Mary Grabar, Resident Fellow, The Alexander Hamilton Institute for the Study of Western Civilization (AHI), presented a paper on the conservative African American intellectual George Schuyler on June 8 at the Policy History Conference, organized by Donald Critchlow.  The biennial conference offers an interdisciplinary forum for academy scholars, independent scholars, and graduate students to discuss policy history topics and recent policy history research. The conference is co-sponsored by the Institute for Political History, a 501(c)(3) non-profit educational foundation; the Journal of Policy History; and the Center for American Institutions at Arizona State University. This year’s conference was held in Columbus, Ohio, from June 7 to 9.

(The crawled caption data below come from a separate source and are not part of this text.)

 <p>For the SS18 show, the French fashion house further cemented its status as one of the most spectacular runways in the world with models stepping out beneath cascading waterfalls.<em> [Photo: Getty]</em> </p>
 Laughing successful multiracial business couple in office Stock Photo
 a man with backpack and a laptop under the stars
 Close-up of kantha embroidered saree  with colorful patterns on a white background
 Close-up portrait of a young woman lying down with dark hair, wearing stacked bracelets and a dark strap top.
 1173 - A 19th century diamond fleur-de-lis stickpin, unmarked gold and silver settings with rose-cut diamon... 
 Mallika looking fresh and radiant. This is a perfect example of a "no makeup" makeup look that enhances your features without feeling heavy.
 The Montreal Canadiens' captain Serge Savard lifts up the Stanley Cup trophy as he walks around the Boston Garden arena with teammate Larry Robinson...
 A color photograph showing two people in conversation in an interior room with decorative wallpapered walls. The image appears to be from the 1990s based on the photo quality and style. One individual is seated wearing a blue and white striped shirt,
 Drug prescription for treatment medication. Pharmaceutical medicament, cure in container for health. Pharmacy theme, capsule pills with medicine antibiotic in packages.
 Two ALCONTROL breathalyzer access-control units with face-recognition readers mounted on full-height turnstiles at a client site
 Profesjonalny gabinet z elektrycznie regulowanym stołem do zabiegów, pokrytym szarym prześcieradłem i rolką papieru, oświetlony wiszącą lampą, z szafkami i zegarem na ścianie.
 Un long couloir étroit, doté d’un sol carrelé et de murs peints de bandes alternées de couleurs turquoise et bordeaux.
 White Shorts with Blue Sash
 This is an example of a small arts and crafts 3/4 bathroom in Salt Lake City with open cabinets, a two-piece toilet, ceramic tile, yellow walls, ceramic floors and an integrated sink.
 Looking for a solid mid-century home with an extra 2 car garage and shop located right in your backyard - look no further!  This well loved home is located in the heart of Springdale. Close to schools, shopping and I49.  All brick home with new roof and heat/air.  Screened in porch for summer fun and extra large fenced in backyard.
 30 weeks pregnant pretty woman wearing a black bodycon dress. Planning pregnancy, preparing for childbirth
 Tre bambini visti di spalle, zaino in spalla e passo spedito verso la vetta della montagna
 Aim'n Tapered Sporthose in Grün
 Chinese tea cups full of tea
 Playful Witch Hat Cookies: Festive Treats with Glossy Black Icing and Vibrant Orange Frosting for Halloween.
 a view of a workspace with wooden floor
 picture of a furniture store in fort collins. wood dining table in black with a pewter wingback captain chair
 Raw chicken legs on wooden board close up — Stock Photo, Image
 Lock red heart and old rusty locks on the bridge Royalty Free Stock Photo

Dr. Grabar is writing a book on Schuyler.  Her paper, “George S. Schuyler, Star Columnist of Harlem,” traced the development of his thought, who in the 1930s, according to an article by poet Melvin Tolson in the American Mercury, was publishing “the most discussed column in Negro America.” Schuyler’s “Views and Reviews” column in the Pittsburgh Courier propelled the newspaper to first place among the hundreds of black weekly newspapers in circulation in the 1930s and 1940s. But by the 1960s, because of his transition from socialism to conservativism, Schuyler was effectively banished from “Negro America.”

Dr. Grabar argued against a common explanation for Schuyler’s ideological shift, which was based on opportunism and abandonment of black civil rights.  She showed that the seeds of Schuyler’s conservatism were evident in his socialist years in his condemnation of violent Communist strategies that made African Americans the “spearhead of the revolution,” his bourgeois values and belief in orderly reform, his concern for promoting access to the middle class for African Americans, and his anti-statist, “anarchistic” beliefs that allied with those of Albert J. Nock, an inspirational figure for the post-World War II conservative movement.

The major precipitating factor was the presidency of Franklin D. Roosevelt. Schuyler’s hopes for a “sensible evolutionary program of socialism” that would provide a level playing field for jobs under the National Recovery Act were soon shattered when the New Deal programs proved to be costly to and discriminatory against black Americans. Schuyler’s ideological conversion was bolstered by his associations in the 1930s with such conservatives as Suzanne La Follette, an editor at Nock’s The Freeman and fellow member of the Executive Committee of the Writers League against Lynching, and Congressman Hamilton Fish, who had introduced three military equality bills in 1938. Both these, and other civil rights efforts, were rejected by Roosevelt.

On Saturday, June 10, Dr. Grabar also appeared as a guest during a Twitter spaces event hosted by Deb Fillman to counter the Zinn Education Project’s “Teach Truth Day of Action.”  On Tuesday, June 13, she appeared on Terry Maxwell’s program on KNZR in Bakersfield, California, to discuss Debunking Howard Zinn.